Tracing Works As Expected With `optixBuildAccel` With Only One OptixBuildInput But Fails With Two

I used the raycasting example as a base for building a larger set of classes to trace a custom set of rays using OptiX SDK 7.6 on an Ubuntu 22.04 base development image with the latest CUDA 12.0 install and driver 525.105.17 on either an RTX 3050 or GTX 1050. They both work, the former faster of course.

I set it up to allow adding multiple meshes, each mesh being triangular.
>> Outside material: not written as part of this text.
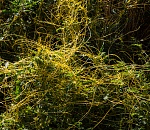 Записки астраханского натуралиста. Растения-паразиты: повилика и заразиха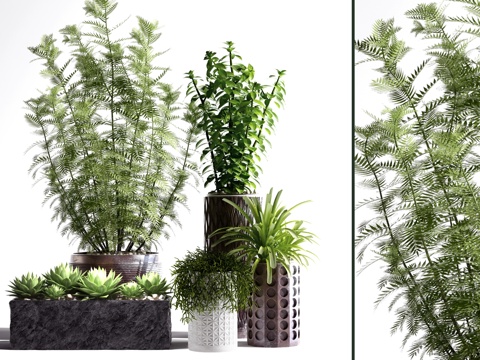  现代绿植 盆栽 植物 盆景 花瓶 饰品 摆件3d模型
When I add one OptixBuildInput with a single triangle mesh and run optixBuildAccel with a pointer to just that single element, it traces everything very nicely.

However if I give it more than one, it still traces the whole geometry (with some strange artifacts), but it spews errors like these:

(   0, 144,   0) error: invalid hit sbt of 1 at primitive with gas sbt index 1
(   1, 144,   0) error: invalid hit sbt of 1 at primitive with gas sbt index 1
(   2, 144,   0) error: invalid hit sbt of 1 at primitive with gas sbt index 1
(   3, 144,   0) error: invalid hit sbt of 1 at primitive with gas sbt index 1
(   0, 145,   0) error: invalid hit sbt of 1 at primitive with gas sbt index 1
(   0, 144,   0) transform list of size 0:
(   1, 144,   0) transform list of size 0:
(   2, 144,   0) transform list of size 0:
(   3, 144,   0) transform list of size 0:
(   0, 145,   0) transform list of size 0:

This of course varies from run to run because of asynchronicity, but this is a common error output.

While the traced output with one mesh perfectly matches my CPU-only tracer backend, the output with two meshes shows hits which are mostly correct, but sometimes appear displaced from the same thing I get from my CPU-only tracing backend. The tuples being output are the problematic launch indexes. I looked up the error in the source, which seems to be the only place this output is ever mentioned at all. It’s obviously related to the SBT. But both meshes use the same SBT. Shouldn’t this not be a problem?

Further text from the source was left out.